Making certain acquaintances can be life-changing, and the casual connections made with them can even turn into professional relationships. It’s thanks to a common friend that Eduardo Noya Schreus met star actor/director/screenwriter Xavier Dolan. Said friend had played a few tracks by NOIA, Schreus’ and Ashley Long’s electronic music project, to the young filmmaker. Less than 24 hours later, Dolan contacted Noya to set up a meeting. “We walked and talked a lot,” says Schreus. “Then we went to his place to listen to some music. Later, Xavier admitted he had no idea what kind of music he wanted for his movie until he heard my stuff. He’d found what he was looking for.” The Peruvian-born Canadian was quickly put in charge of the soundtrack for the movie Laurence Anyways.

The pair only met again a year-and-a-half later in a post-production studio. Still, Noya made sure he had access to Dolan during his creative process, through e-mails where rushes and song drafts were paired. Dolan is a filmmaker who doesn’t shy away from giving his opinion on the musical content of his movies. Hence the dialogue between himself and Schreus, the necessity for the creators to meet. Schreus see it as the very basis of his own creative process, even more so since he’s a self-taught musician.
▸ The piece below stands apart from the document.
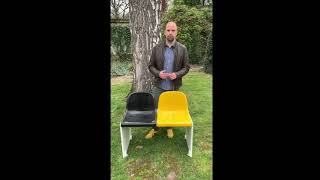 Golden Ticket gegen Corona - Martin Fröhlich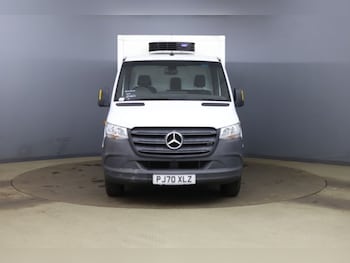 Used Mercedes-Benz Sprinter 2021 for sale - 76223942: Photo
Still from Xavier Dolan Mommy movie“Movies often have ‘guide’ tracks, placeholders that the editor or the director chose that I use as a reference, a general idea of the atmosphere they’re looking for,” says Schreus. “Sometimes I follow their intention. Sometimes I create something based on the images I see. But most times, my creation is inspired by a meeting, an in-depth discussion with the director about his project and how it fits into our lives. I do sometimes read the script, but that’s never inspired me. Images, just as music, imprints on us immediately. And the link between them is essential.”
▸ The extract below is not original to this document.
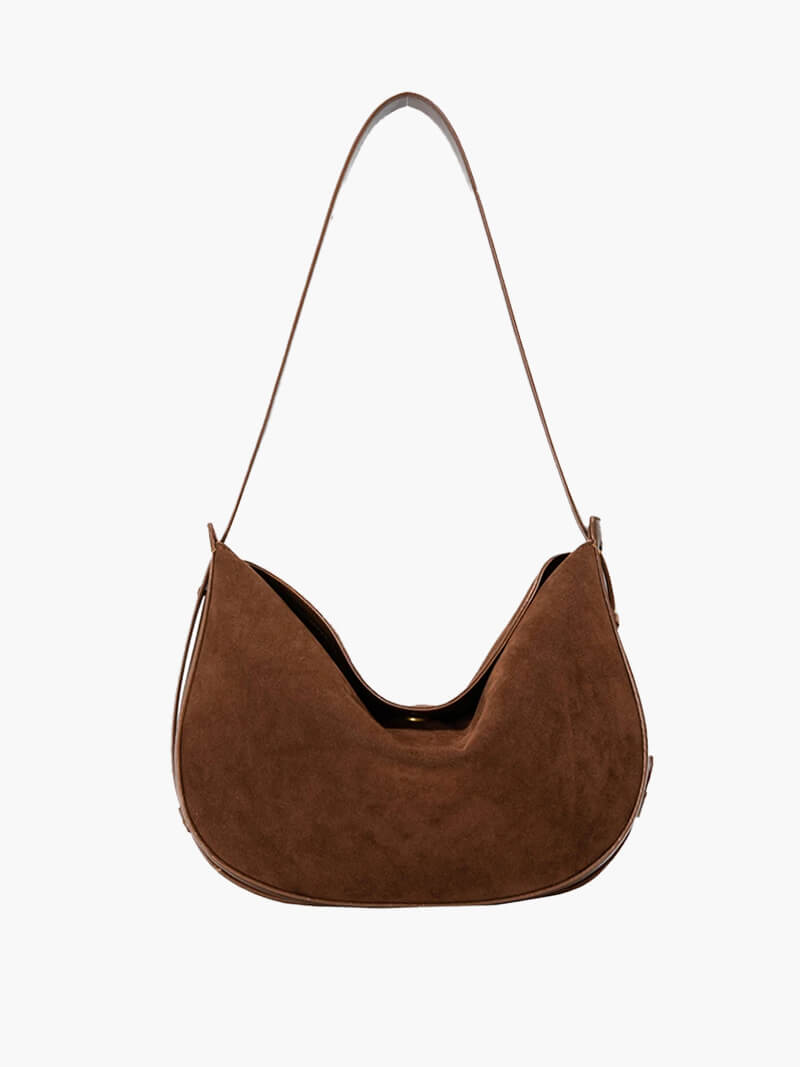 Sac en daim synthétique Lily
His work on Dolan’s Laurence Anyways won Schreus the Best Film Score Canadian Screen Award in 2013. But despite this positive experience, his participation in Dolan’s next movie, Mommy, wasn’t set in stone. In fact, he was urgently requested after the disappointing work of another composer. This situation embarrassed Schreus, but he couldn’t help feeling a tinge of pride. “I’m happy I was able to fix things,” he says. “The movie was edited very tightly to its reference music, which made it hard to switch them for new music. The biggest challenge was the final scene where Diane is alone, in tears. It took me quite a while to find the right music for that moment.” His work on Mommy wins Schreus the Achievement in Feature Film Music Award at the 2016 Montréal SOCAN Gala.

Strangely enough, this pinch-hitter situation will happen again a few months later for a France/Canada TV series titled Versailles, with a $33 million production budget. Again, Schreus was tapped after the production chose to change the composer.“The producers didn’t like the initial pairing between the images and the music, which they found too… classic,” he says. “Director Jalil Lespert decided to go in a completely different direction and use electronic music. And it worked. The biggest challenge for this series is its speed. It’s like composing music for several films all at once.” After penning about half the music for the first 10-episode season (the other half was composed by Michel Corriveau), Schreus was asked to do the same for the second season.

Although he works out of a tiny home studio a few doors down from his own apartment, the man still works on music when he gets home: His music. NOIA existed before he became a professional composer, and it still exists and nourishes him. NOIA live performances won the project the “best electronic act” title, according to Montréal magazine CULT. And NOIA is far from over, if you ask Schreus. “My personal music is my main project,” he says. “I’ll release a studio album this year and another next year. We’re getting back on stage as soon as we feel comfortable enough with the new material. My ultimate dream is to make music, non-stop, until my body gives up.”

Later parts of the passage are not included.